WORK REQUEST:
The range to repeat runs from the line with "Twin Storage Daybed" to the last line below, both ends included; give it exactly and without pictures.

MATERIAL FOR THE TASK:
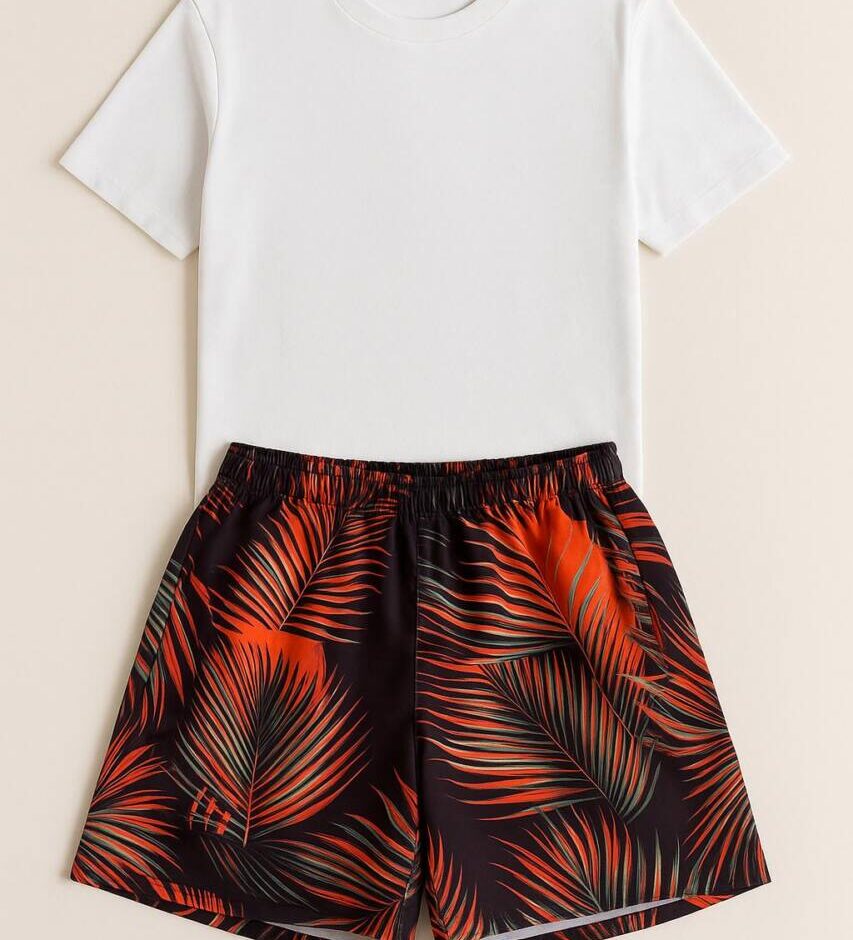 Bermuda Masculina Tactel com Elástico Estampa Floral Preta - Fernanda Ramos Store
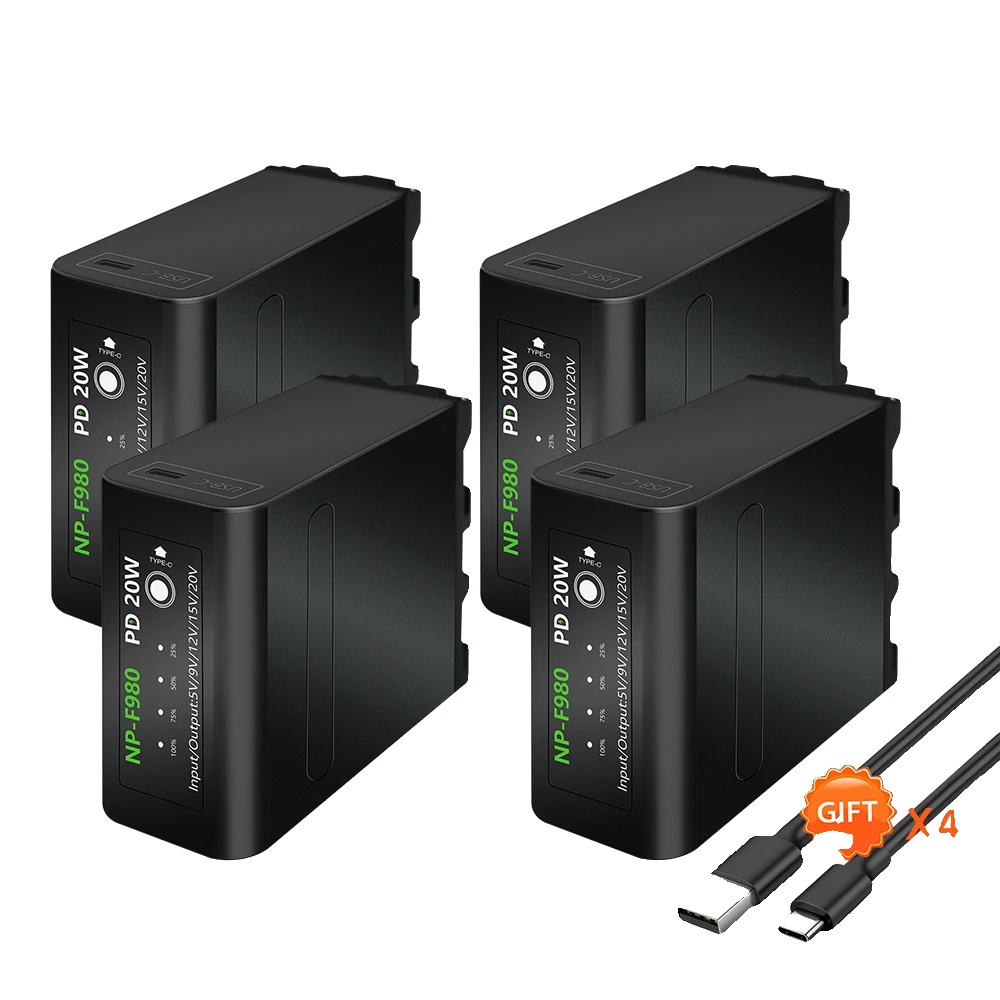 Akku, 10800 Mah Kapazität, Kompatibel Mit Camcordern, 2 Stück Mit Ladegerät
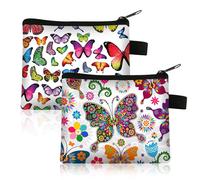 FOSDICK 2 Piezas Monedero Mujer Pequeño, Monederos Pequeños Mujer Mariposa, Pequeño y Liviano Cartera Mujers, Patrón de Mariposa Monedero Niña, Mini Cartera con Cremallera, 13.5 * 11CM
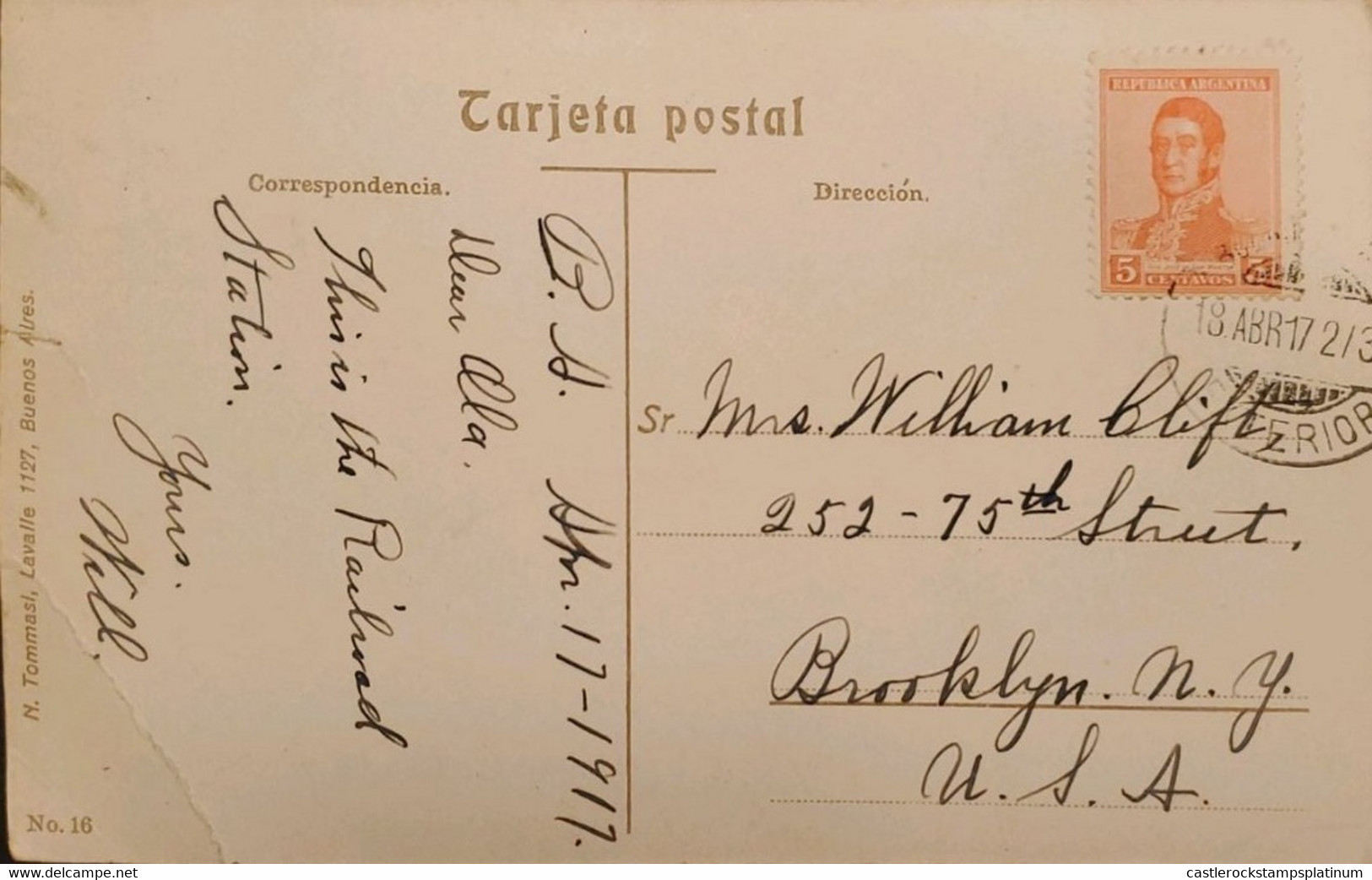 M) 1912, ARGENTINA, POSTCARD, FROM BAHIA BLANCA ARGENTINA TO THE UNITED STATES, STAMP OF THE FIRST PAN AMERICAN POSTAL C - Gebruikt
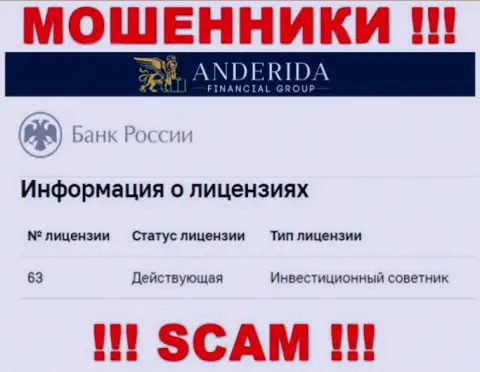 Anderida Financial Group пишут, что имеют лицензию на осуществление деятельности от Центрального Банка РФ (данные с онлайн-сервиса шулеров)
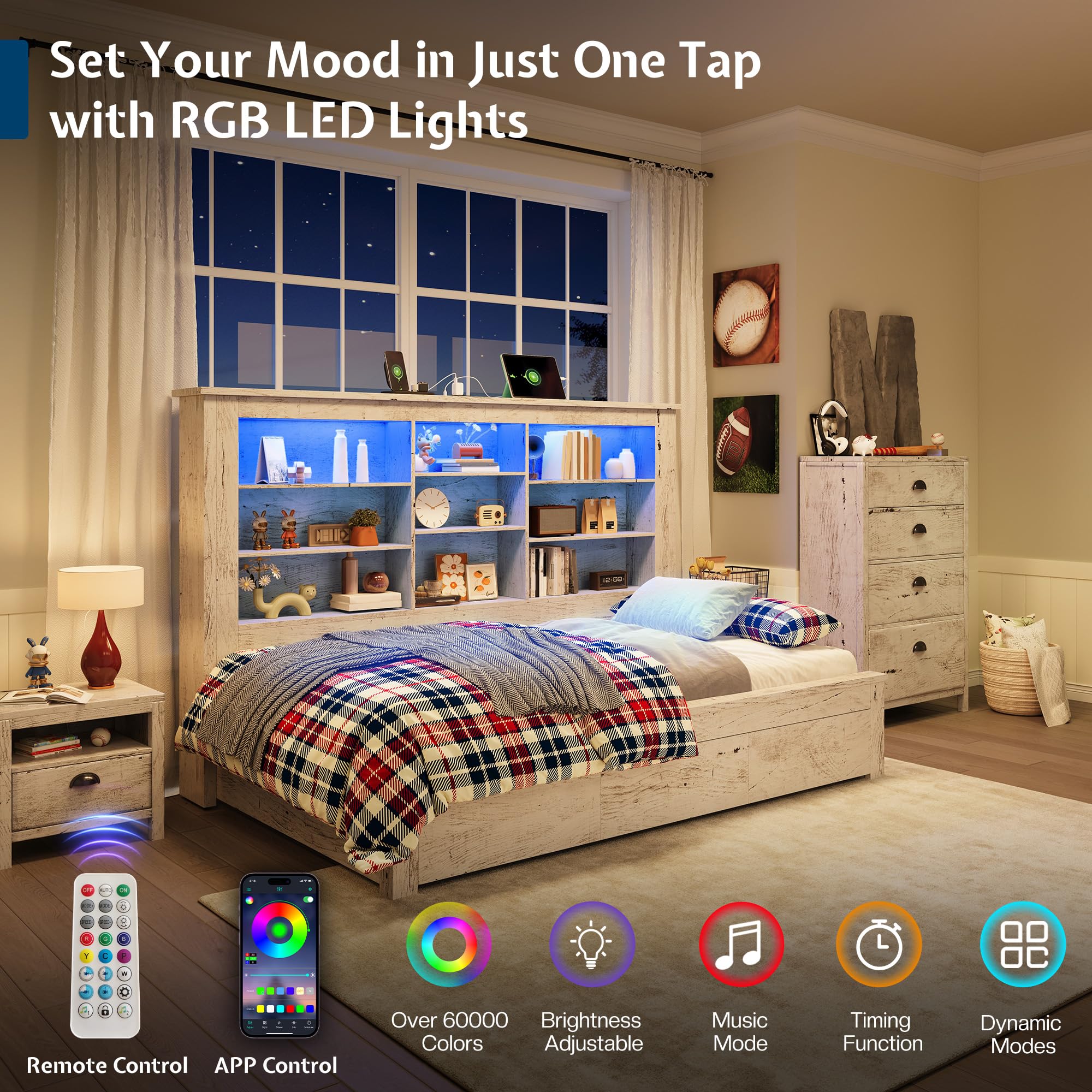 Twin Storage Daybed with Bookcase Headboard, USB Charging & RGB LED Lights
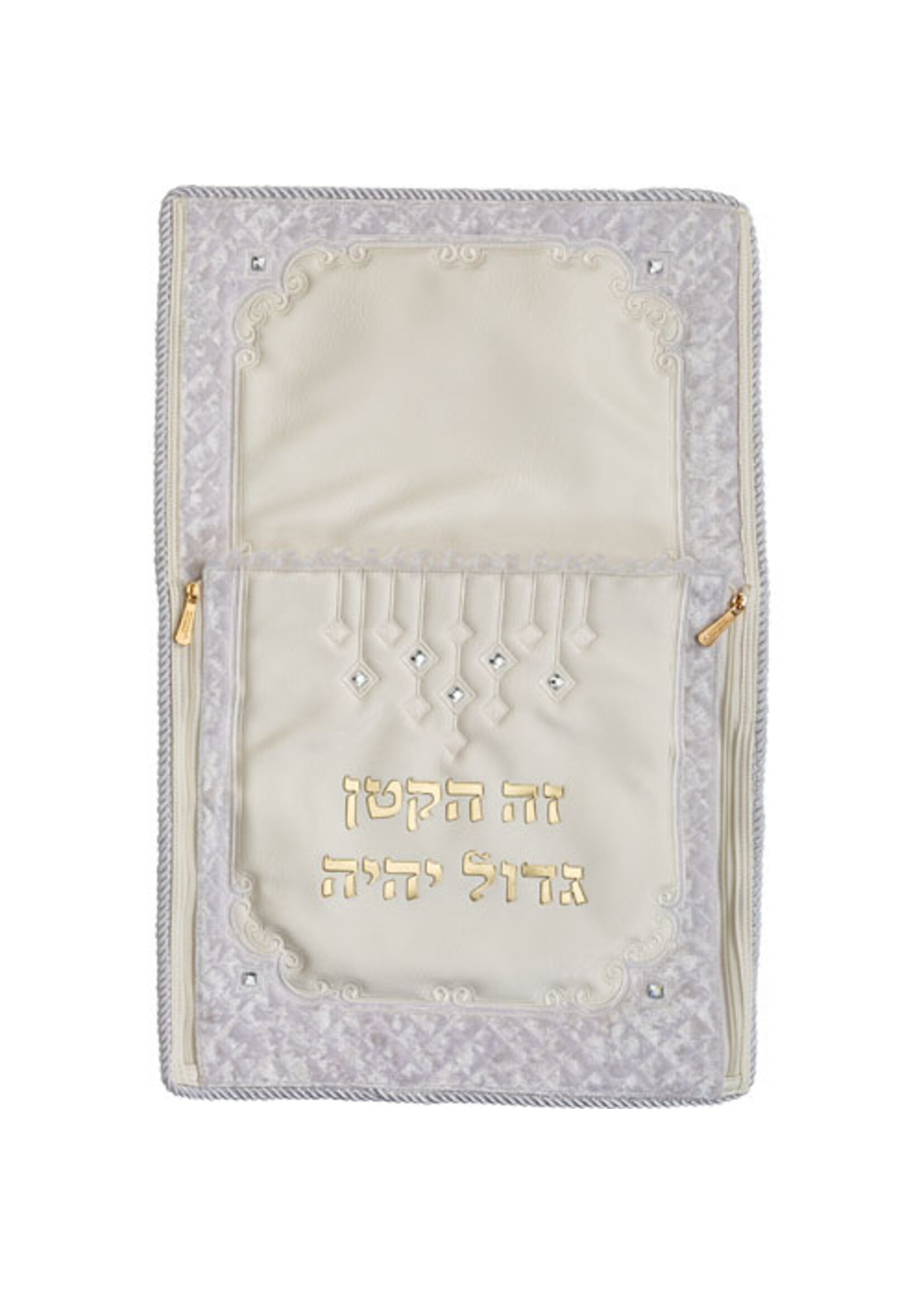 BRIS PILLOW FAUX LEATHER GEMSTONE INLAYS & ZIPPERED SIDES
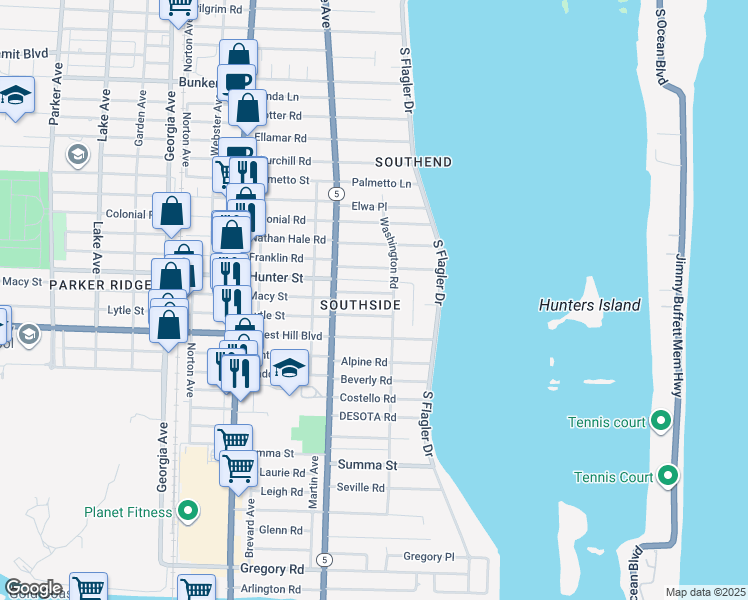 map of restaurants, bars, coffee shops, grocery stores, and more near 220 Gray Street in West Palm Beach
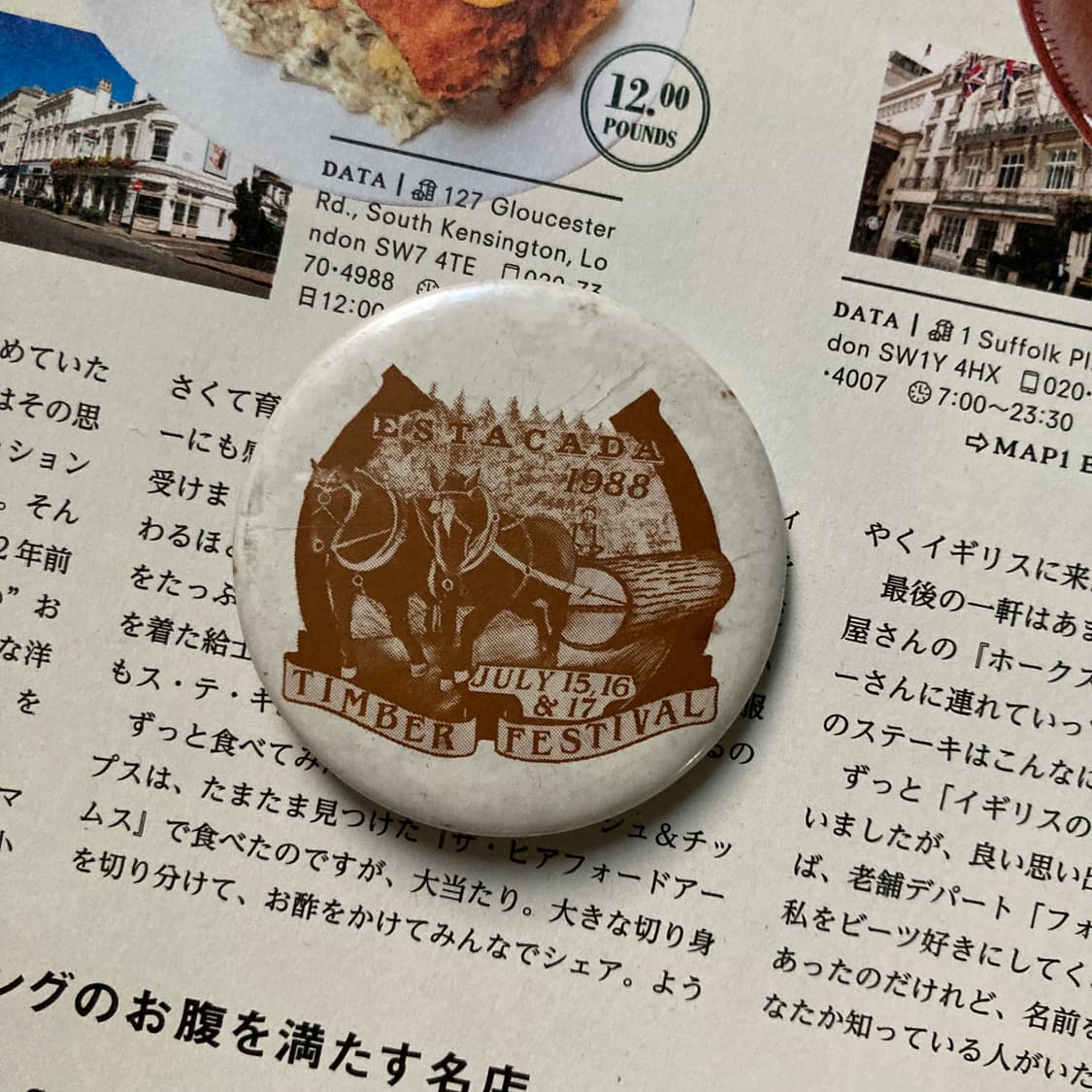 빈티지 유럽 TIMBER 페스티벌 프린팅 핀 버튼 뱃지 브로치 악세사리 상품이미지1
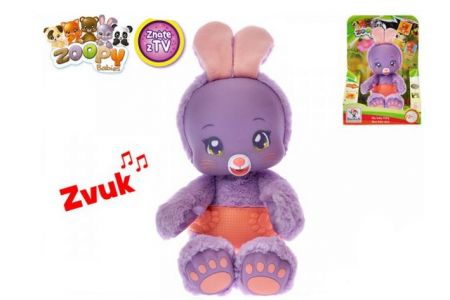 Zoopy Babies zajíček 24cm tlapky svítící ve tmě na baterie se zvukem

PROBLEM SOLUTION:
 Twin Storage Daybed with Bookcase Headboard, USB Charging & RGB LED Lights
 BRIS PILLOW FAUX LEATHER GEMSTONE INLAYS & ZIPPERED SIDES
 map of restaurants, bars, coffee shops, grocery stores, and more near 220 Gray Street in West Palm Beach
 빈티지 유럽 TIMBER 페스티벌 프린팅 핀 버튼 뱃지 브로치 악세사리 상품이미지1
 Zoopy Babies zajíček 24cm tlapky svítící ve tmě na baterie se zvukem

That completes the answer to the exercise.